Les bases étant posées, il devient simple de décrire la marque employeur, notamment si on place chaque terme en parallèle avec son équivalent marketing.

  • Emploi = produit / service
  • Identité employeur (employer brand) = caractéristiques de votre produit / service
  • Promesse employeur = votre offre de valeur produit / service
  • Politique de marque employeur, ou employer branding : marketing produit / service
  • Campagne de marque employeur = publicité de votre produit / service

Vous noterez dès lors que la difficulté d’une marque employeur à adresser à la fois les candidats et les collaborateurs n’en est pas une lorsque l’on considère le problème sous cet angle. Ou que du moins, elle n’en sera une que si l’on part du principe que sa promesse employeur ne peut pas être alignée sur son expérience collaborateur, ou, pour le dire autrement, que l’on ne peut que mentir sur les vertus de son produit pour réussir à le vendre. On est proche là aussi du dilemme de la publicité. Mais si l’on part bien du principe que sa promesse employeur est authentique, alors elle conciliera naturellement les points de vue des collaborateurs et des candidats, et trouvera à la fois son utilité dans l’engagement des collaborateurs et dans l’attraction des candidats.

Votre offre de valeur

Pour autant, cette promesse employeur ne doit pas se donner pour unique objectif d’attirer des candidats. Elle doit se construire sur la base de votre identité employeur, pour ne pas décevoir vos nouvelles recrues. C’est d’ailleurs pour cela qu’on l’appelle une promesse employeur. L’expérience vécue par vos consommateurs ou clients, c’est-à-dire la qualité de votre offre, importe davantage que le fait d’avoir réussi une opération de vente. Si votre produit est un shampoing, par exemple, et qu’il fait perdre leurs cheveux à vos clients, vous n’aurez réussi que de premières ventes et rien au-delà. Vous aurez aussi pas mal d’ennuis à gérer et devrez probablement renoncer à tout avenir dans la vente de soins capillaires… De la même façon, l’expérience collaborateurs que vous proposez importe plus que le fait d’avoir finalisé un recrutement. Il ne suffit pas de recruter, il faut conserver vos nouvelles recrues et les engager sur le long terme.

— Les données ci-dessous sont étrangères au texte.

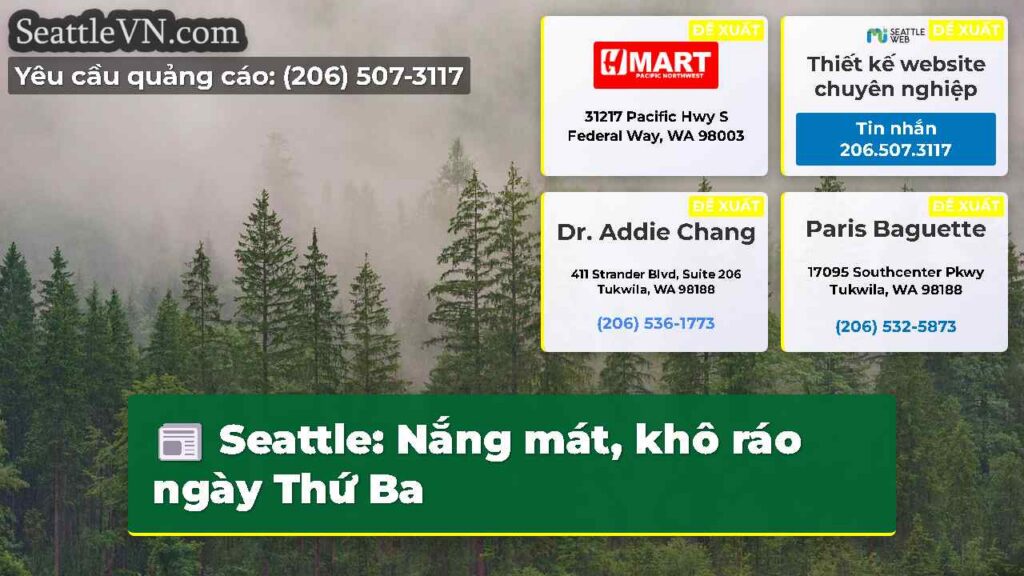 Seattle: Nắng mát, khô ráo ngày Thứ Ba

Il vous faudra également tenir compte des offres concurrentes, des usages du marché et des attentes spécifiques de vos cibles, comme lorsqu’il s’agit de placer un nouveau produit sur un marché. C’est pourquoi la marque employeur vous fera toujours faire davantage de marketing que de communication, et qu’il vous faudra avant tout vous soucier de l’expérience réelle que vous offrez à vos collaborateurs, même si votre objectif premier est de recruter. En d’autres termes, la marque employeur n’est pas qu’une question de communication. Et si, en tant que PME, vous ne disposez pas des moyens de communication des grands groupes, vous disposez, contrairement à eux, d’une plus grande marge de manœuvre pour adapter votre offre employeur.

L’approche organisationnelle de la marque employeur

La construction d’une politique de marque employeur ne consiste pas qu’à déterminer qui l’on est, comment le formuler, ou par quels moyens toucher ses cibles. Cette approche purement marketing et communicationnelle du problème ne convient qu’à des employeurs déjà en position de force sur le marché des talents. Pour les entreprises qui n’ont pas la chance de figurer dans les classements des employeurs les plus attractifs, le problème se pose plus prosaïquement : comment parvenir à séduire avec ce que l’on est, sur un marché saturé de communication et face à des « consommateurs » toujours plus exigeants ?

Bien que la marque employeur pose les bonnes questions, elle ne peut pas apporter toutes les réponses. Pour certaines catégories d’employeurs, elle ne dispensera pas d’agir en amont du champ de la marque employeur. D’une part sur l’offre (votre expérience collaborateurs), et d’autre part sur la demande (les compétences recherchées et les modalités d’intégration). Ce qui replace d’ailleurs l’expertise RH et le projet d’entreprise au cœur du problème.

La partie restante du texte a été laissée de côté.